《孫子算經卷下》 "Sun Tzŭ's Computational Classic: Volume III"
§17. Solving a linear equation (2)

This section gives a worked example of solving a linear equation.

Translation

Chinese source text: Version A, Version B, Version C, Version D.
Unless noted otherwise, I follow the text from Version D, 《知不足齋叢書》本.

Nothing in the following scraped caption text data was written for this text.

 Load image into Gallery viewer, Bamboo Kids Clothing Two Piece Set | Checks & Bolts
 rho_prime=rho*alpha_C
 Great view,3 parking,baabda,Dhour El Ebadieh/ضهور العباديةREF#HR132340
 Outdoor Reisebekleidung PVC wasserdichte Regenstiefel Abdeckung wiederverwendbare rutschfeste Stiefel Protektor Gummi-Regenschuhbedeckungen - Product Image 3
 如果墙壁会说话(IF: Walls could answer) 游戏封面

Source text Target text Notes
今有婦人河上蕩桮、津吏問曰、桮何以多。婦人曰、家有客。 Suppose there be [a] woman washing cups upon [the] river, [and the] officer of [the] ford asketh, saying, Why [so] many cups? [And the] woman saith, [Mine] house hath guests.
津吏曰、客幾何。婦人曰、二人共飯、三人共羹、四人共肉、凡用桮六十五。不知客幾何。 [And the] officer of [the] ford saith, How many [be the] guests? [And the] woman saith, Two people together [for] rice, three people together [for] soup, [and] four people together [for] flesh, [in] total use cups sixty-five. Know [we] not how many [be the] guests?
  • Version C erroneously has 用聣 for 用桮.
  • 不知客幾何: know [we] not how many [be the] guests

    The quotation marks in Version C mark this as spoken by the woman. Personally I disagree, and think that 不知客幾何 is spoken by the narrator. The original Chinese is ambiguous as it carries no punctuation; I have preserved the ambiguity by not editing in any quotation marks.

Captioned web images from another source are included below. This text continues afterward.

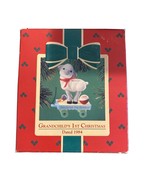 Hallmark 1984 Grandchild&#39;s 1st Christmas Ornament Grandbaby&#39;s -New-Lamb - £4.36 GBP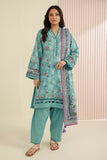 Zellbury Summer Printed Lawn Unstitched 3Pc Suit WUS26X30951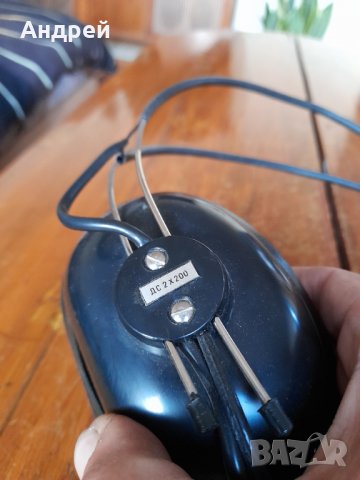 Стари слушалки ДС 200 #2, снимка 4 - Други ценни предмети - 38617463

答曰、六十人。 Answer saith: sixty people.
術曰、置六十五桮、以一十二乘之、得七百八十。以十三除之、即得。 Method saith: put [down the] sixty-five cups; multiplying it by twelve, resulteth in seven hundred [and] eighty. Dividing it by thirteen, [we] are done.
  • Version B has 十二 for 一十二.
  • In modern notation, supposing that the guests be n people, we have
    65 = \frac{n}{2} + \frac{n}{3} + \frac{n}{4} = \frac{13n}{12},
    and hence
    n = \frac{65 \times 12}{13} = 60.